14 domowych zwycięstw z rzędu | Villa 1:0 Man City | Oceny pomeczowe

Mecze Premier League
Czas potrzebny na przeczytanie: 4 minut(y)

Od pierwszych minut tego meczu dało się wyczuć duże napięcie i skupienie w grze AV. Stawka była bowiem bardzo wysoka, bo w meczu pomiędzy drużynami z TOP4 zawsze tak jest. „Mecz o 6 punktów”? Myślę, że to było coś więcej. Manchester City jest obecnie punktem odniesienia dla całej Europy, a Aston Villę – mimo świetnych wyników – cały czas traktuje się jako drużynę ze środka tabeli, która prędzej czy później spadnie z tej „bardzo wysokiej gałęzi, na której siedzi słoń”. Wczorajszy mecz był czymś w rodzaju rozbicia szklanego sufitu, przełamania pewnej granicy i złapania pewności siebie, która da siłę na resztę sezonu.

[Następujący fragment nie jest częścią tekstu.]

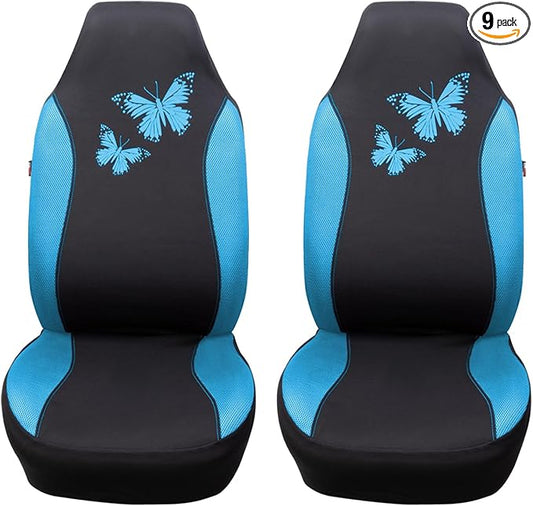 Flying Banner Butterfly car seat Covers ful Set Fashion Universal Lady Woman Female Rear Bench Split Colorized (2 Fronts, Mint Blue)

Zwycięstwo 1:0 mówi naprawdę niewiele o meczu. Aston Villa zmiażdżyła rywala z absolutnego światowego topu. To nie było przypadkowe zwycięstwo, gdzie druga drużyna cały czas atakuje, ma gigantyczną przewagę, ale brakuje szczęścia i ostatecznie zwycięska bramka wpada z ćwiartki wypracowanej okazji. Aktualny mistrz nie miał absolutnie żadnych argumentów przeciw wygłodniałym Lwom z Birmingham! Dodatkowo zbiegło się to z historycznym 14. domowym zwycięstwem w lidze z rzędu!
🦊

Oceniamy w skali 1-10. Ocena danego zawodnika jest wyłącznie subiektywnym odbiorem redakcji, można się z nią nie zgadzać, a polemika w komentarzach będzie mile widziana.


Emi Martinez 8

Pewny jak przez większość sezonu. Ciężko wymagać czegoś więcej od bramkarza, kiedy zespół właściwie nie daje możliwości przeciwnikom zagrożenia jego bramce. Warte odnotowania są dwie genialne interwencje po strzałach Haalanda. Poza tym serce nawet przez moment nie zaczęło mi mocniej bić przy interwencjach Dibu. No, może przy rozgrywaniu piłki od tyłu, ale o tym później ;).

Ezri Konsa 8

W mojej nomenklaturze zwykłem określać takich skrzydłowych obrońców mianem „ciężki skrzydłowy”. Mam na myśli, że jest bardziej skupiony na defensywie, ale wymaga się od niego hasania bokiem boiska. Ezri wyglądał naprawdę solidnie. W defensywie dużo pewniejszy od Mateusza Gotówki z ostatnich meczów, a jednocześnie odważnie wspierający drugą linię. Widać było, że Konsa ma zupełnie inne zadania niż Digne. Nie zajmował się wrzutkami (1), lecz odbiorem (3) i szybkim dostarczaniem piłki bliżej ustawionym kolegom.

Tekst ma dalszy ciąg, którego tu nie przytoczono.